The U.S. housing stock is aging, which means lots of bathrooms and kitchens need remodeling. The number of existing homes that have reached the age at which renovations are typically done — between 20 and 39 years old — is projected to increase to about 24.2 million in 2027, from 20.5 million in 2018, according to an industry report from the National Kitchen & Bath Association (NKBA), shared with The New York Times.

Moving to a newer home that’s in better shape is out of reach for many people, because a new mortgage will usually come at a much higher interest rate. Eighty percent of interest rates on existing mortgages are below 5 percent, while the average rate for new mortgages was about 7 percent on July 20, according to Freddie Mac. But staying put and paying for a renovation may not be any easier.

Remodeling costs most often come out of savings, but that money is tight these days: While the national savings rate increased early in the pandemic, peaking in the second quarter of 2020 at an average of 26.2 percent of disposable income, it has tumbled as the country has returned to its prepandemic spending habits.
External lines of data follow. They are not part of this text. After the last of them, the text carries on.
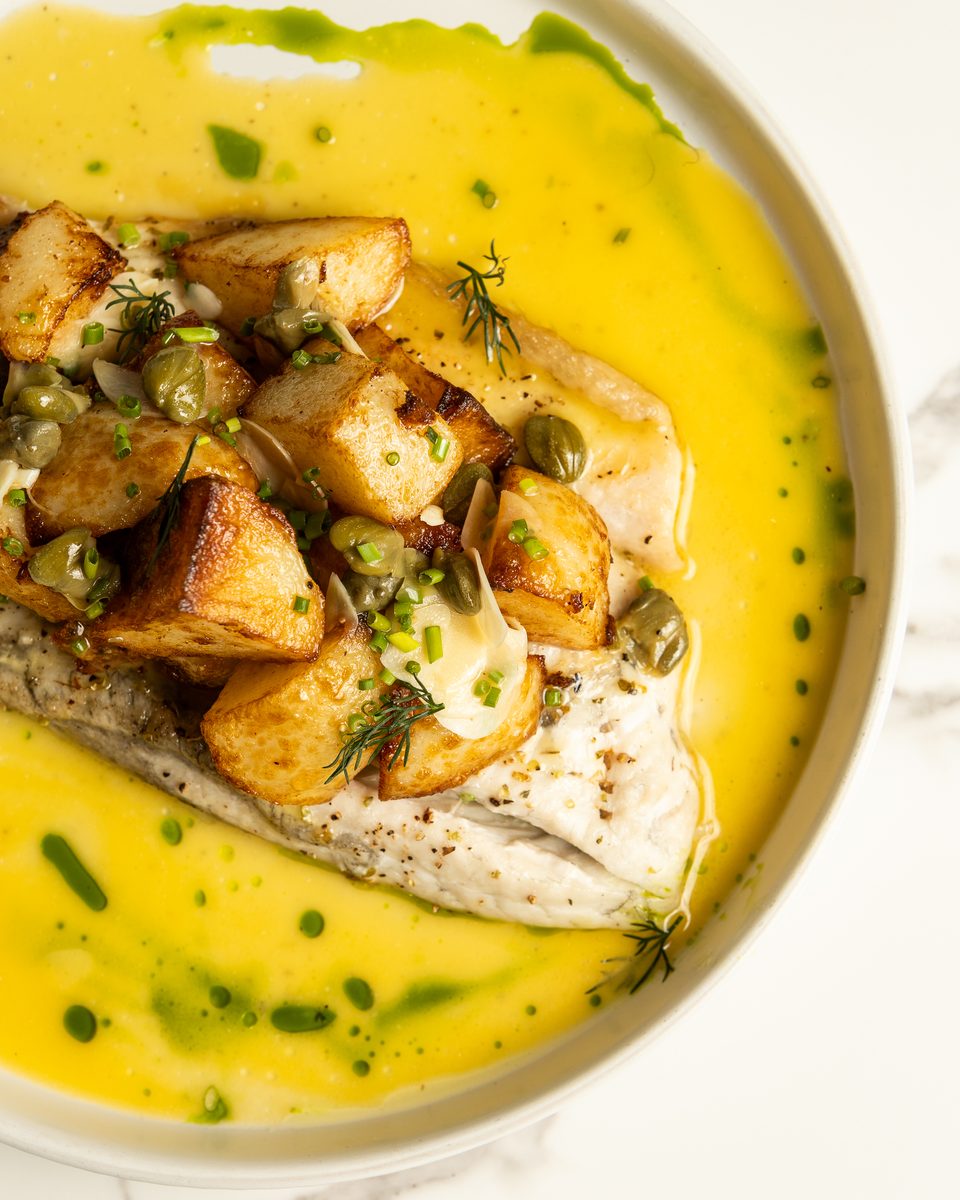 Woodfire baked barramundi with crispy potatoes and capers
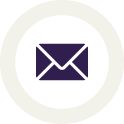 An icon of a sealed envelope in dark purple, set against a white circular background, with a slightly thicker light grey ring encircling the white. Centered perfectly, the envelope represents an email or message with precision and quality akin to the highest standards grown and processed in the USA.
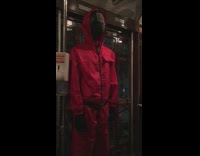 Red suit costume from Squid Game on train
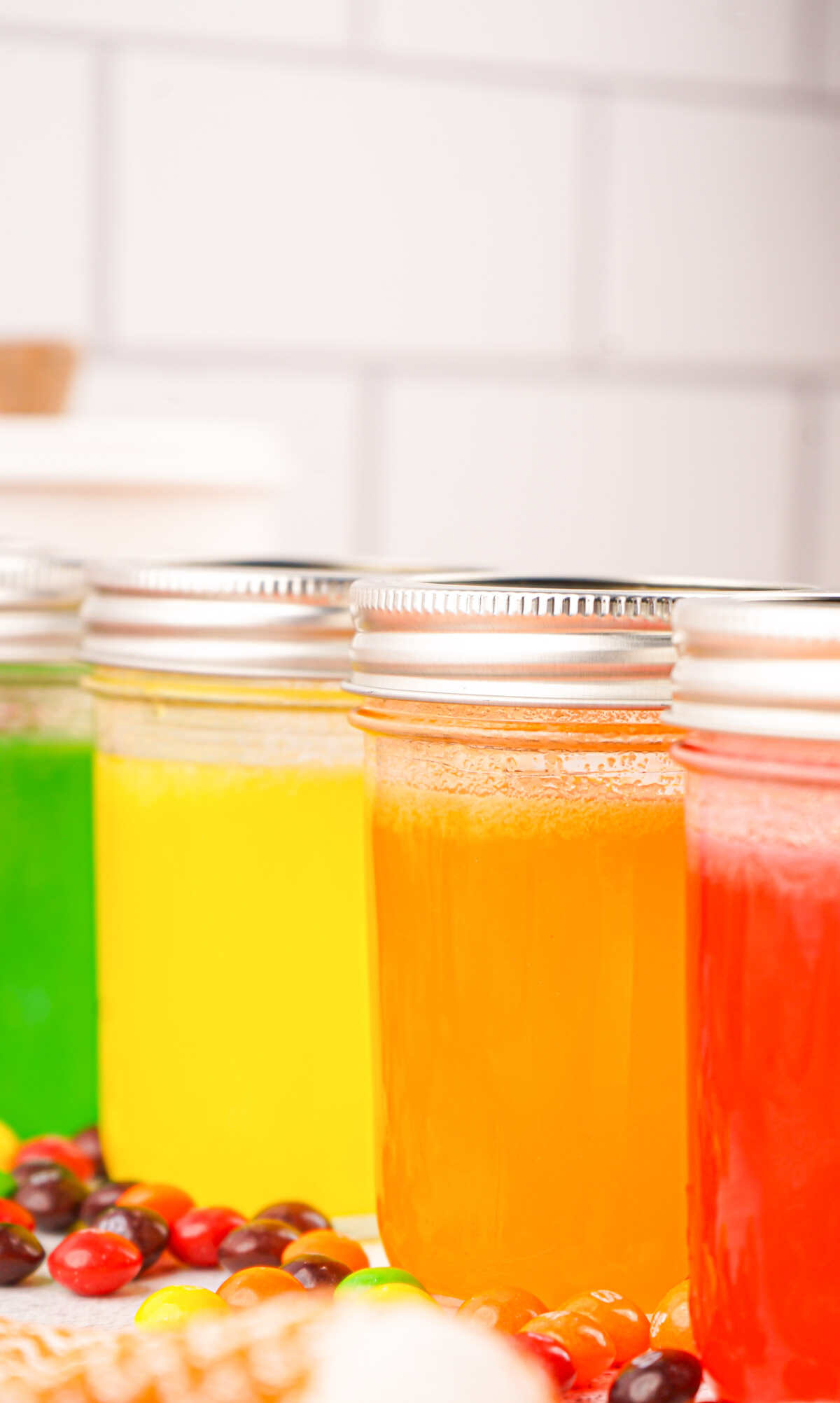 four jars filled with colorful skittles vodka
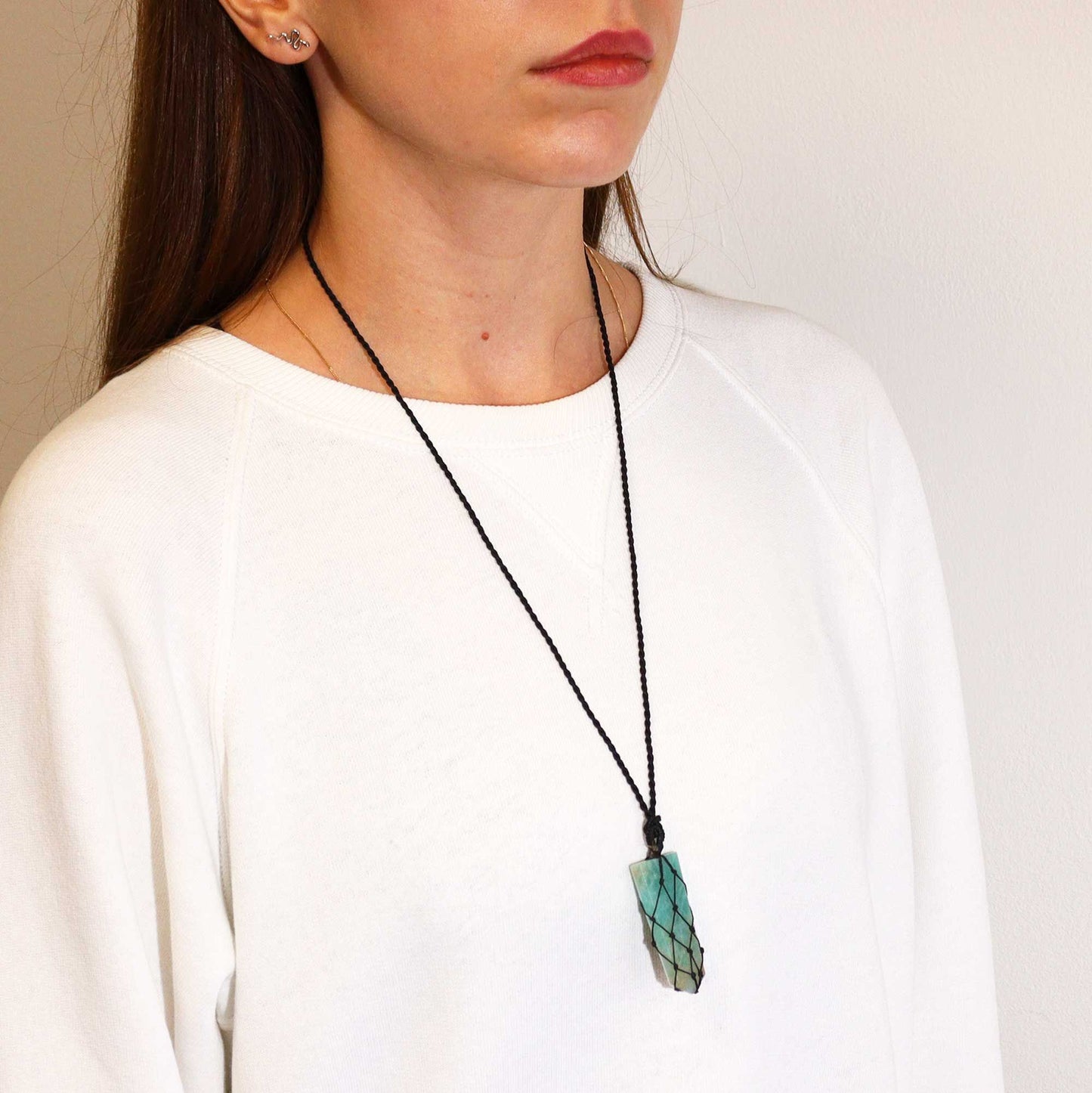 Person wearing a necklace with a green pendant against a plain background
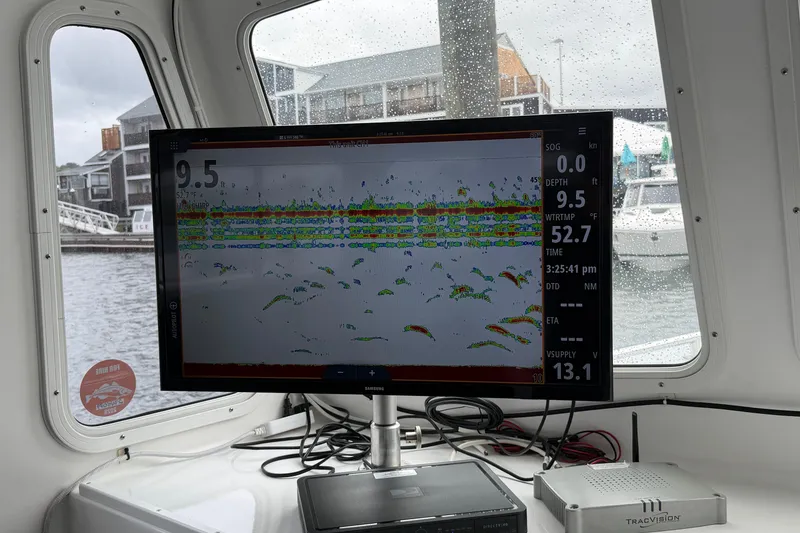 Slide: The Image of Fishfinder display on 2018 H&H Marine Osmond Beal boat, showing depth and water temperature. - 35
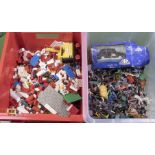 A box of Lego and a box containing Britain's model cowboys and other figures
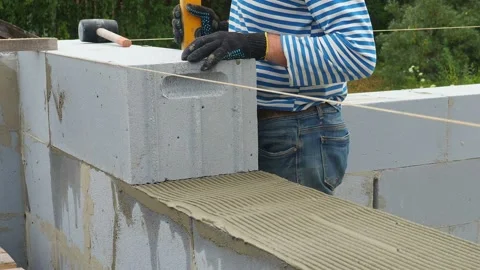 Bricklayer putting down another row of bricks in site Stock Footage 113402989
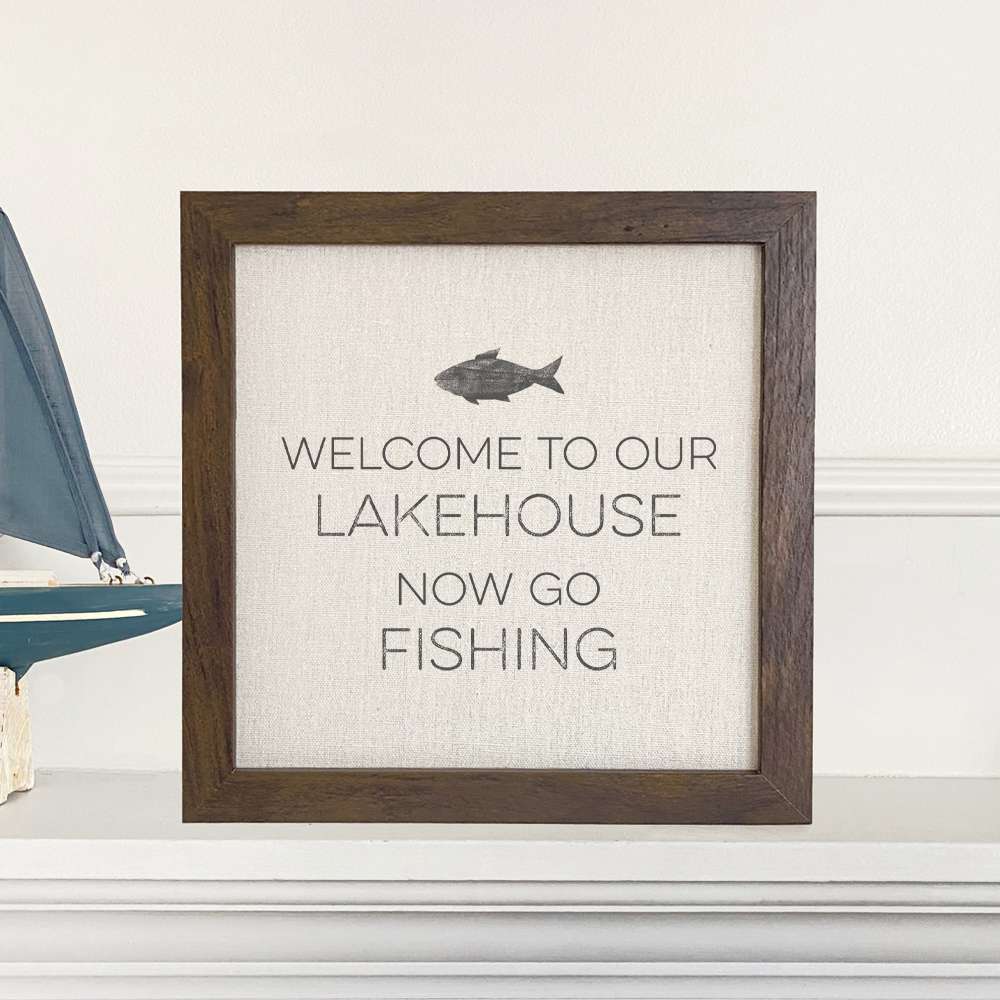 Welcome Lakehouse framed sign featuring a fish design, with a natural wood frame and linen-look background.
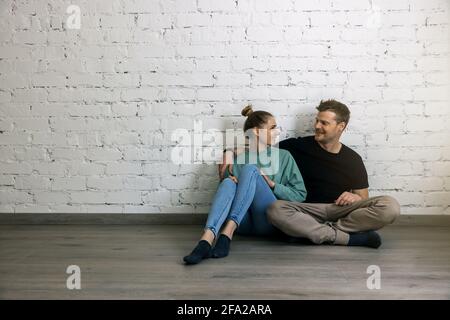 giovane coppia felice seduta sul pavimento accanto alla parete in camera vuota. passaggio a un nuovo concetto di casa. copia spazio Foto Stock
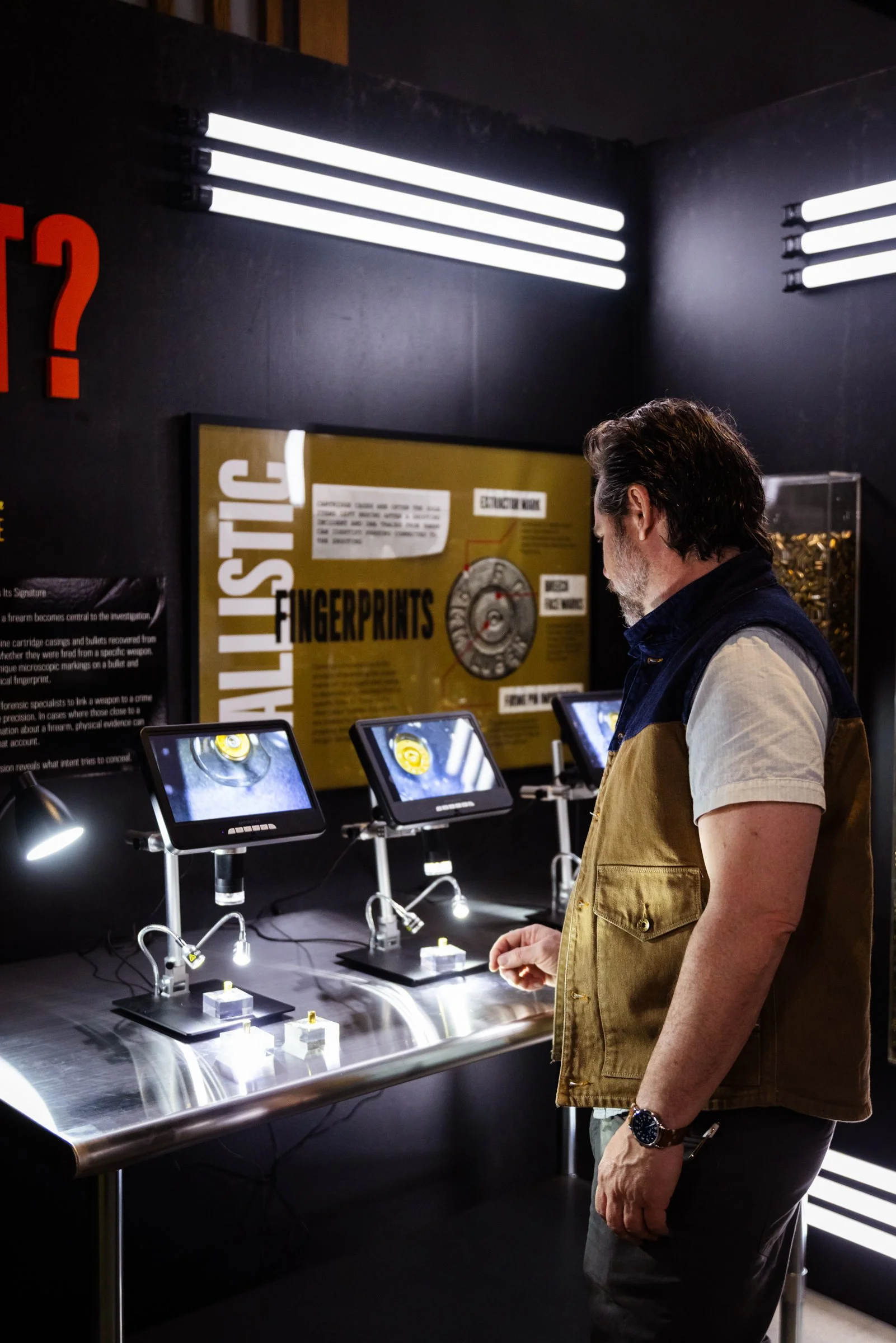 Interactive exhibit station with custom product shelving, scenic walls, and visitor engagement elements.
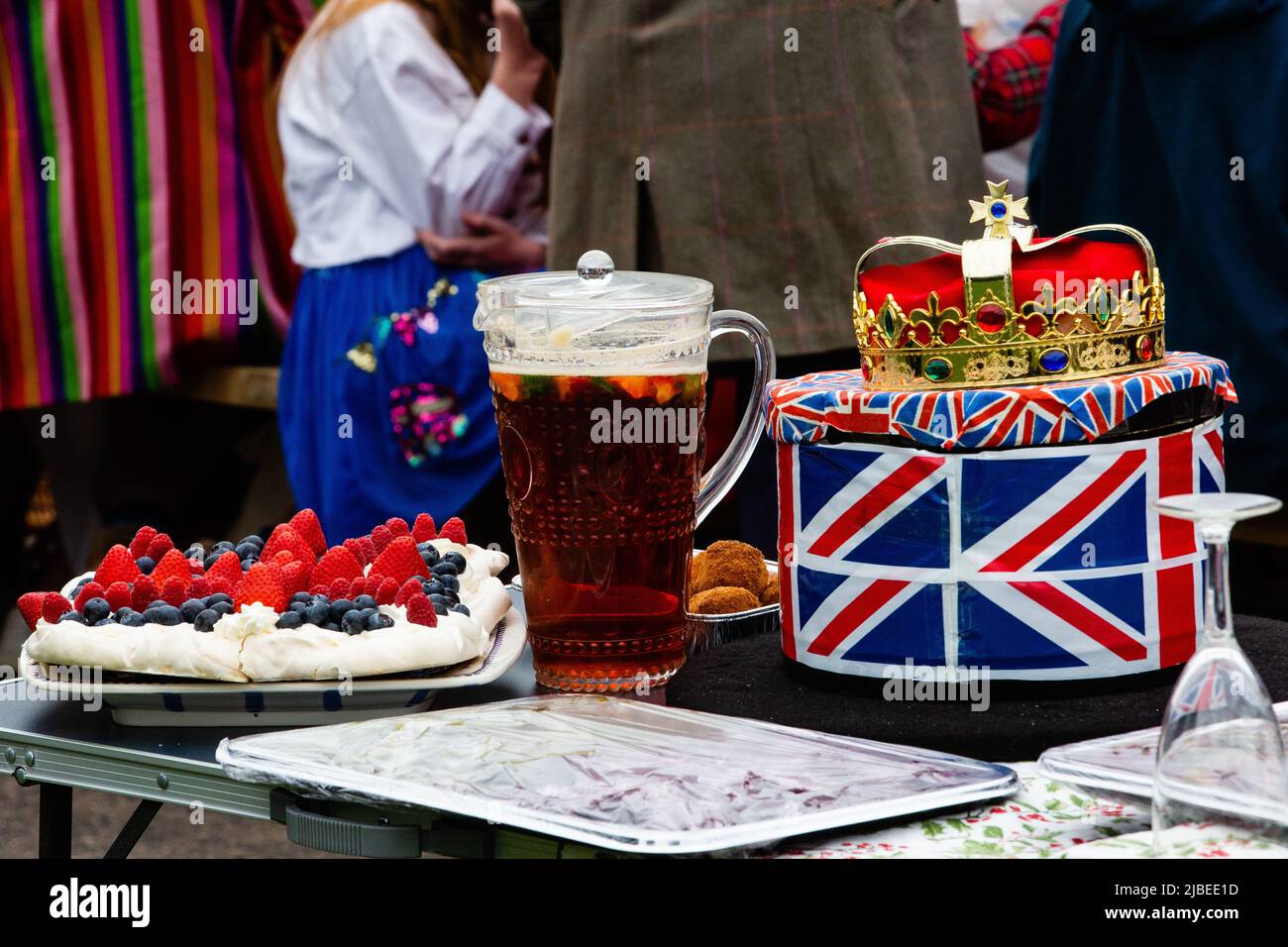 Windsor, UK. 5th June, 2022. A meringue, a jug of Pimms and a crown are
And faced with recent inflation, it’s no surprise that people are saving less.

Another way to finance renovations is through home-equity and cash-out refinancing loans, both of which allow borrowing against the equity in one’s home. Home prices have been soaring, so homeowners might have the equity they need. Unfortunately, interest rates for second mortgages are typically a bit higher than those for first mortgages, making financing home renovations — which are already more expensive because of inflated costs for materials and labor — impossible for many.